I don't mean to make it sound like some sort of spiritual thing; it is not
possible to have helped clean a carcass and still romanticize the practice of
hunting. I explain it to substantiate this statement: the deer immortalized in
that painting almost certainly died quickly, cleanly, and with a minimum of
fear and pain. Of all the creatures likely to predate upon a quadruped
herbivore, humans are the only ones who worry at all about that sort of thing,
much less consider such outcomes worth effort to produce.

It speaks well of your kindness to sorrow at the death of a deer, and I don't
mean to suggest that you shouldn't. But there are nuances here which are easy
to overlook absent direct experience, and having seen them much closer to than
many, I thought I'd take the time to explain a bit, in the hope that it might
be of some little value to you.

------
Isamu
Thank you for posting this, I hadn't thought about AW for years. It is an
interesting angle.

------
whowalrus
Anybody interested in Andrew Wyeth (and general appreciation of illustration
as art) should check out David Apatoff's blog - Illustration Art.

Blog -
[http://illustrationart.blogspot.in](http://illustrationart.blogspot.in)

His post on the passing of Andrew Wyeth -
[http://illustrationart.blogspot.in/2009/01/andrew-wyeth-
abst...](http://illustrationart.blogspot.in/2009/01/andrew-wyeth-abstract-
painter.html)

------
douche
I always preferred the father, N.C. Wyeth. He did some fantastic paintings for
illustrated editions of classic literature.

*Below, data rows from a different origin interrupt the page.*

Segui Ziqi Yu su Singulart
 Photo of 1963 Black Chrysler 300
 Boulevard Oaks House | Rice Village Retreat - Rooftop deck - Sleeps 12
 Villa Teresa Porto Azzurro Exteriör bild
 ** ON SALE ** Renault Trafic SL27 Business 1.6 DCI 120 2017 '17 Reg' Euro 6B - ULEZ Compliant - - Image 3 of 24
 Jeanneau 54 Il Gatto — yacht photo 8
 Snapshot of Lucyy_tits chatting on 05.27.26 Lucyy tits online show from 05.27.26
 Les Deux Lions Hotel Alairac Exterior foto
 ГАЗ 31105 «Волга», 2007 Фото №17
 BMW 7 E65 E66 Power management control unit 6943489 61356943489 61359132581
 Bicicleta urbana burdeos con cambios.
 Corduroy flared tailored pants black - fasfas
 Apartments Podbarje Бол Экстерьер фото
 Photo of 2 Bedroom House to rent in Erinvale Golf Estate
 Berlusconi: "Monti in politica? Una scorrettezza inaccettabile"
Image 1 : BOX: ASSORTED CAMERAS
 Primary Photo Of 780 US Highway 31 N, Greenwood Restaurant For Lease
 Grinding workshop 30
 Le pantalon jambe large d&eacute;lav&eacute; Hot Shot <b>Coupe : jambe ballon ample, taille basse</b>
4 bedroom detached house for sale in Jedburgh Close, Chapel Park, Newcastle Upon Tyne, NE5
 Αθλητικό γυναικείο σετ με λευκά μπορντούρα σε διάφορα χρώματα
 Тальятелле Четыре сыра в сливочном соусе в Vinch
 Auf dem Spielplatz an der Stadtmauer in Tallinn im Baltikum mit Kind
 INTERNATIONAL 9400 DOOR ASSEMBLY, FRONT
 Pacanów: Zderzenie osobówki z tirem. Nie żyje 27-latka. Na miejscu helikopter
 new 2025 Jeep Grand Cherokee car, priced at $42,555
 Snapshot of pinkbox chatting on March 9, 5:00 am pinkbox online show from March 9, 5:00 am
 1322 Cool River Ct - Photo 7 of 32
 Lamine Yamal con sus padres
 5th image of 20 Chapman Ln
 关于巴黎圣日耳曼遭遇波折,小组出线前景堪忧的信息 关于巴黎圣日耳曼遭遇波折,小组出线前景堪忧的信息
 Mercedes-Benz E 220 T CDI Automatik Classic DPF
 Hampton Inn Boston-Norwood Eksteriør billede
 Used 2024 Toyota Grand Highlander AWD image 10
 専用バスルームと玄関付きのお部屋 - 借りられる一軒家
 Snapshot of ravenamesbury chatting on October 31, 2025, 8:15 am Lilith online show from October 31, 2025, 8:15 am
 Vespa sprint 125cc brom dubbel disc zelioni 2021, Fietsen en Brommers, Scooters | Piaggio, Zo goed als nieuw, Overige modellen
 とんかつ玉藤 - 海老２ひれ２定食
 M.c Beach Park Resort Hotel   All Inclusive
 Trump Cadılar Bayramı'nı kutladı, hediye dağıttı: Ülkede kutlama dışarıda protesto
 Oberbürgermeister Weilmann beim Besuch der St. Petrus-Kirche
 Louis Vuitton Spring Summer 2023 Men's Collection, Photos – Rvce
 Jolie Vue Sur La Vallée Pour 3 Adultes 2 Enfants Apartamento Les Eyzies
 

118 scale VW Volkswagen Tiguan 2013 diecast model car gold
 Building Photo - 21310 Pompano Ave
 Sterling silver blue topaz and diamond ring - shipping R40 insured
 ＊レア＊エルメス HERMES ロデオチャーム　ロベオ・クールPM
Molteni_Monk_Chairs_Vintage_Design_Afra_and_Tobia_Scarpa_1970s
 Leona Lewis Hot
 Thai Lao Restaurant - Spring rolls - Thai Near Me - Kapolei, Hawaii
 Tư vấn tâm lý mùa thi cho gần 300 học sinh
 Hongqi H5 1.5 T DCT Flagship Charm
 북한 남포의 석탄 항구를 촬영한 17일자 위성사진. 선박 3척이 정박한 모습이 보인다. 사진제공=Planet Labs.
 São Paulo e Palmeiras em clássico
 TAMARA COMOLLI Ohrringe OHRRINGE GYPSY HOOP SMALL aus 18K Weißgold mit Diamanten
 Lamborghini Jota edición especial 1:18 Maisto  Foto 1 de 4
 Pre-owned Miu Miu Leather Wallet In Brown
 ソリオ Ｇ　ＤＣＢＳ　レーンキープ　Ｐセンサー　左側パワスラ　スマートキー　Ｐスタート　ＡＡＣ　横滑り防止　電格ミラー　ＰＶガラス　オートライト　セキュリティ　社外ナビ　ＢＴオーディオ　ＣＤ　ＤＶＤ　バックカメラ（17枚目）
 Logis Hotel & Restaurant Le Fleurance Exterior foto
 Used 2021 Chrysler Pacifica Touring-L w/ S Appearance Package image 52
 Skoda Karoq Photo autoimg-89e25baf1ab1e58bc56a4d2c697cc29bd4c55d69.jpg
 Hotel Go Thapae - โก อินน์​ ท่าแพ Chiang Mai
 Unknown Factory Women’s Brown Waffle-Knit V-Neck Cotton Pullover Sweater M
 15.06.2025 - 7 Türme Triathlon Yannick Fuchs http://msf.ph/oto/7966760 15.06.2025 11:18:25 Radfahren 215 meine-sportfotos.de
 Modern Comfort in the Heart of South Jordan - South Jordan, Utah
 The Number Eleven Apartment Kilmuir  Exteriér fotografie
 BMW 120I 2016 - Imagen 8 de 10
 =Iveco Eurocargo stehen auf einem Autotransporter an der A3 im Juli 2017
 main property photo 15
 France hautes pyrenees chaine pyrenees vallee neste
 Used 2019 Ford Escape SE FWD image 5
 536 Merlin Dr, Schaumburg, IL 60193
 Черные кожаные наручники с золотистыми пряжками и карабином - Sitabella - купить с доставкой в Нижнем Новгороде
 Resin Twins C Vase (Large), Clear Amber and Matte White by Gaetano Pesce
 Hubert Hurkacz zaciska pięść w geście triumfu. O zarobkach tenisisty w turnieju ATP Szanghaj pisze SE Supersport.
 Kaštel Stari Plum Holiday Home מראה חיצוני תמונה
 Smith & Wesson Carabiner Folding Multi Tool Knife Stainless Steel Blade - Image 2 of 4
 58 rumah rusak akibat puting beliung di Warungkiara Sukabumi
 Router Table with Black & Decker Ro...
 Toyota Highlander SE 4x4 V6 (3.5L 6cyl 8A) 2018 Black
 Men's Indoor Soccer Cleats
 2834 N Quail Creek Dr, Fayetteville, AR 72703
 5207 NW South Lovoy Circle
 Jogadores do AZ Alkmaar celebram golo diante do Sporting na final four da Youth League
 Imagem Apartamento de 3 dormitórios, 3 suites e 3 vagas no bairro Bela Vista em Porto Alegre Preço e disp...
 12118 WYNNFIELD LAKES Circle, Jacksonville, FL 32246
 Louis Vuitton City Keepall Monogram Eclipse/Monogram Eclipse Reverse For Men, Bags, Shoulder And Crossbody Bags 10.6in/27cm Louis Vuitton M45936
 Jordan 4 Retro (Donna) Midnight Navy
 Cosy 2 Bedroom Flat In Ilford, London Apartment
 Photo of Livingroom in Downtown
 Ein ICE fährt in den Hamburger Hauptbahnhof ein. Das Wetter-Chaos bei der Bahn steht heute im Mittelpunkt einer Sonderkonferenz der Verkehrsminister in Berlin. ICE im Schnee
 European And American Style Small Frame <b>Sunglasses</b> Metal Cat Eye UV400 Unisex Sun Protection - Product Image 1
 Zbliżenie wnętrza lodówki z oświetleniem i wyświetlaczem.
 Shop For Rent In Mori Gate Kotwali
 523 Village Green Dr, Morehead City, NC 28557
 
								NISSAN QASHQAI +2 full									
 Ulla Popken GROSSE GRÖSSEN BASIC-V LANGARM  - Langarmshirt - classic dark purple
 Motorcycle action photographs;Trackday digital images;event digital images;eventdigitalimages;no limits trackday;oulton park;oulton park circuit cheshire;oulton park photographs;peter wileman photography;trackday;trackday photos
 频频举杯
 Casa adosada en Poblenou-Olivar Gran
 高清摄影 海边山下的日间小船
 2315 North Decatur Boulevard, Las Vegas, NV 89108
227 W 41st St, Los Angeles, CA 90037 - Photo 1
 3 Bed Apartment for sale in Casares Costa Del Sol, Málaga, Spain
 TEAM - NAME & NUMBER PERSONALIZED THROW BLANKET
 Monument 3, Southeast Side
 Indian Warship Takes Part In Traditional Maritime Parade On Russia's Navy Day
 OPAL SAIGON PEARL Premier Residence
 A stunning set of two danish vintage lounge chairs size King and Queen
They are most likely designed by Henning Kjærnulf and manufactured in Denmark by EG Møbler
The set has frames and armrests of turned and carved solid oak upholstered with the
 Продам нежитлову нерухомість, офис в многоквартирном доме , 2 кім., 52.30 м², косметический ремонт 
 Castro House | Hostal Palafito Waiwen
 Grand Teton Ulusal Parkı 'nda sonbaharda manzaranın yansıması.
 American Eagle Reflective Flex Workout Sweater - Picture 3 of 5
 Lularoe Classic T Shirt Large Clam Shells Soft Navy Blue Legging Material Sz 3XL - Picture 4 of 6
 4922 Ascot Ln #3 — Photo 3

If you're ever in Rockland, Maine, the Farnsworth Museum[1] has an extensive
collection of works by the Wyeths.

[1] [http://www.farnsworthmuseum.org/](http://www.farnsworthmuseum.org/)

------
debatem1
I've loved Andrew Wyeth's work since an exhibit of it came through our small
town art museum. I wondered at the time how that tiny, unprestigious spot
could attract works of such quality. I guess I know now.

It's unfortunate that there aren't high quality reproductions of many of his
works.